A short string for identifying the database (e.g. 'Synpuf').

cohortDatabaseSchema

Schema name where your cohort table resides. Note that for SQL Server, this should include both the database and schema name, for example 'scratch.dbo'.

databaseName

The full name of the database. If NULL, defaults to value in cdm_source table

databaseDescription

A short description (several sentences) of the database. If NULL, defaults to value in cdm_source table

connectionDetails

An object of type connectionDetails as created using the createConnectionDetails function in the DatabaseConnector package. Can be left NULL if connection is provided.

connection

An object of type connection as created using the connect function in the DatabaseConnector package. Can be left NULL if connectionDetails is provided, in which case a new connection will be opened at the start of the function, and closed when the function finishes.

cdmDatabaseSchema

Schema name where your patient-level data in OMOP CDM format resides. Note that for SQL Server, this should include both the database and schema name, for example 'cdm_data.dbo'.

tempEmulationSchema

Some database platforms like Oracle and Impala do not truly support temp tables. To emulate temp tables, provide a schema with write privileges where temp tables can be created.

cohortTable

Name of the cohort table.

cohortTableNames

Cohort Table names used by CohortGenerator package

vocabularyDatabaseSchema

Schema name where your OMOP vocabulary data resides. This is commonly the same as cdmDatabaseSchema. Note that for SQL Server, this should include both the database and schema name, for example 'vocabulary.dbo'.

cohortIds

Optionally, provide a subset of cohort IDs to restrict the diagnostics to.

cdmVersion

The version of the OMOP CDM. Default 5. (Note: only 5 is supported.)

runInclusionStatistics

Generate and export statistic on the cohort inclusion rules?

runIncludedSourceConcepts

Generate and export the source concepts included in the cohorts?

runOrphanConcepts

Generate and export potential orphan concepts?

runTimeSeries

Generate and export the time series diagnostics?

runVisitContext

Generate and export index-date visit context?

runBreakdownIndexEvents

Generate and export the breakdown of index events?

runIncidenceRate

Generate and export the cohort incidence rates?

runCohortRelationship

Generate and export the cohort relationship? Cohort relationship checks the temporal relationship between two or more cohorts.

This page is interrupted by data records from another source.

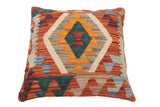 handmade Traditional Pillow Rust Blue Hand-Woven SQUARE 100% WOOL Hand woven turkish pillow2' x 2'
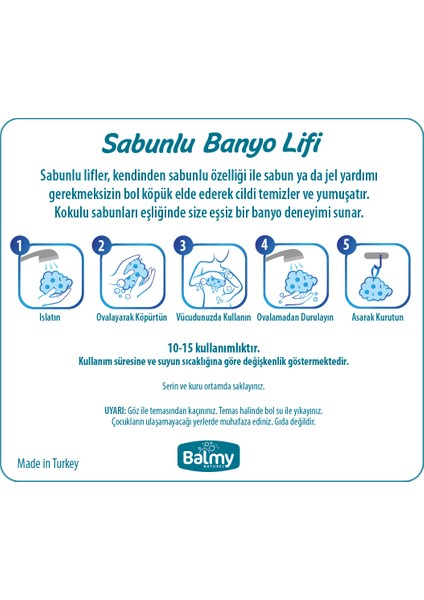 Balmy Naturel Zeytin Çiçeği Sabunlu Banyo Lifi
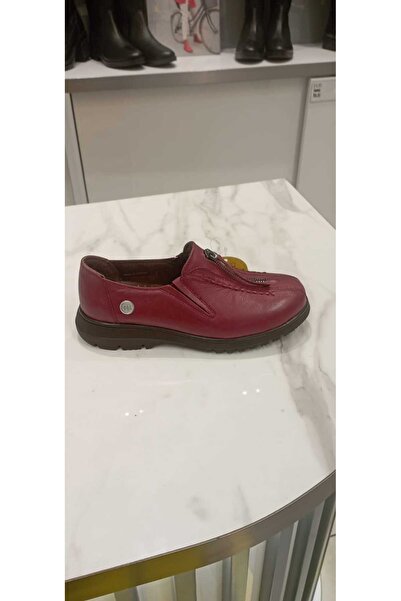 Mammamia 845 Genuine Leather Orthopedic Casual Shoes with Zipper and Saddle Detail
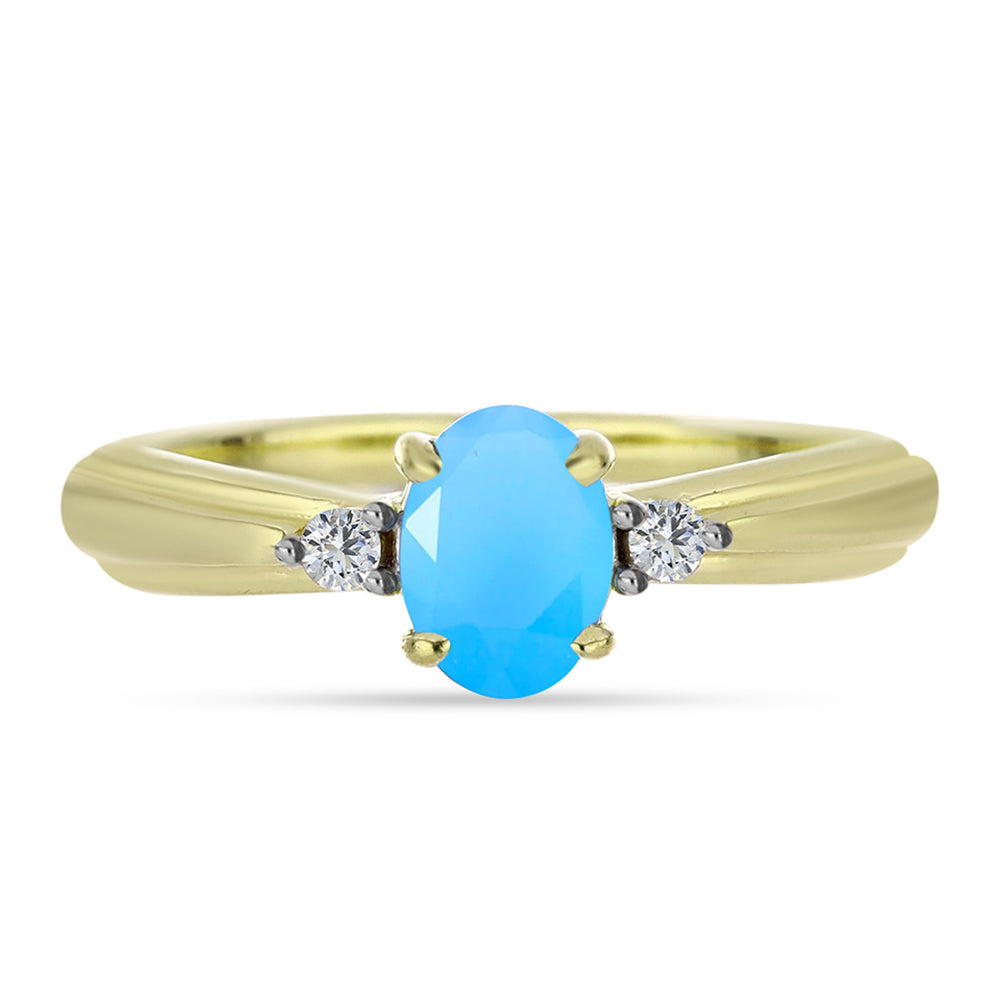 Pozlacený Stříbrný Prsten s Aqua Chalcedonem a Bílým Topazem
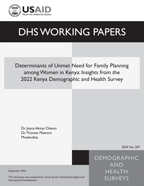 Cover of Determinants of Unmet Need for Family Planning among Women in Kenya: Insights from the 2022 Kenya Demographic and Health Survey (English)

runTemporalCohortCharacterization

Generate and export the temporal cohort characterization? Only records with values greater than 0.001 are returned.

temporalCovariateSettings

Either an object of type covariateSettings as created using one of the createTemporalCovariateSettings function in the FeatureExtraction package, or a list of such objects.

minCellCount

The minimum cell count for fields contains person counts or fractions.

minCharacterizationMean

The minimum mean value for characterization output. Values below this will be cut off from output. This will help reduce the file size of the characterization output, but will remove information on covariates that have very low values. The default is 0.001 (i.e. 0.1 percent)

irWashoutPeriod

Number of days washout to include in calculation of incidence rates - default is 0

incremental

Create only cohort diagnostics that haven't been created before?

incrementalFolder

If incremental = TRUE, specify a folder where records are kept of which cohort diagnostics has been executed.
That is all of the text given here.